“The only thing necessary for the triumph of evil is for good men to do nothing.”—Edmund Burke, 18th-century Irish statesman and philosopher
I read this article a little while back about Yankees great Derek Jeter taking a stand against bullying and hate speech. It might seem that someone like Jeter is simply lending his powerful voice to a cause he believes in, but I think it’s more personal than that.
There’s a common misconception out there that if you achieve a certain amount of success or fame or financial freedom that you’re immune to the kinds of problems the rest of us face. But based on what I’ve observed, the exact opposite is true.
Public figures have to navigate a digital modern world where facts are less important than “perception.” If someone says something about you often enough and loudly enough, people either think it’s true or the doubt it creates in their mind is enough to obscure whatever the truth might actually be.
When any individual (or large group of people) can hide behind an anonymous internet account and attack or troll any one of us in this way, solely because of what we choose to believe and express, the pressure to simply keep our heads down and not speak our own versions of the truth is profound and ever-present. In this way, a sort of “digital mob rule” threatens to erode the individuality and creativity of our culture. This extends to artists and celebrities; it’s much easier to simply “be grateful” for what you’ve achieved than speak out about your beliefs and risk being eaten alive by the mob and losing your fan base and success.
To see something that has been such a profoundly positive influence in virtually every aspect of my life reduced to fictitious tabloid headlines when I’m buying my groceries for the week makes me wonder what the hell is wrong with people.
That’s why I admire creative, successful people who do stand up for what they believe in despite that risk, even when I strongly disagree with them. Civil society is defined, in large part, by the ability of any individual to speak their own truth as loudly and as broadly as they choose to.
In my 15 years as a Scientologist, I’ve dealt with that feeling of pressure and self-censorship over and over again. The level, degree and variety of misunderstanding, misinterpretation and even purposeful misinformation about what Scientology is and does can literally knock the wind out of me at times. To see something that has been such a profoundly positive influence in virtually every aspect of my life reduced to fictitious tabloid headlines when I’m buying my groceries for the week makes me wonder what the hell is wrong with people. And what exactly is it going to take to create a world where respecting the beliefs of others—where respecting each individual and the right to their unique viewpoint and opinion—is the rule rather than the exception?

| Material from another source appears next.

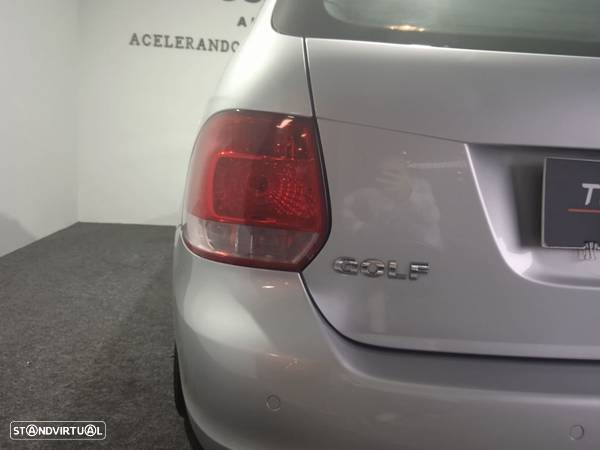 VW Golf Variant 2.0 TDi DPF Confortline - 9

Writing this blog post is my effort to help forge that new reality. And the silver lining to all of this is that the truth will always, ultimately, win out. The truth is that unshakable foundation that can never be erased or covered over completely. All the lies come later, but the truth was first and remains forever. And the truth is that people are basically good, that we are all on a journey together, and we will either rise or fall together. The degree to which we can each find the courage to allow for other viewpoints with respect and consideration is the degree to which we can rise to new heights and create a new reality that’s saner, more compassionate and more productive than anything we’ve seen before. That’s the reality I want to live in.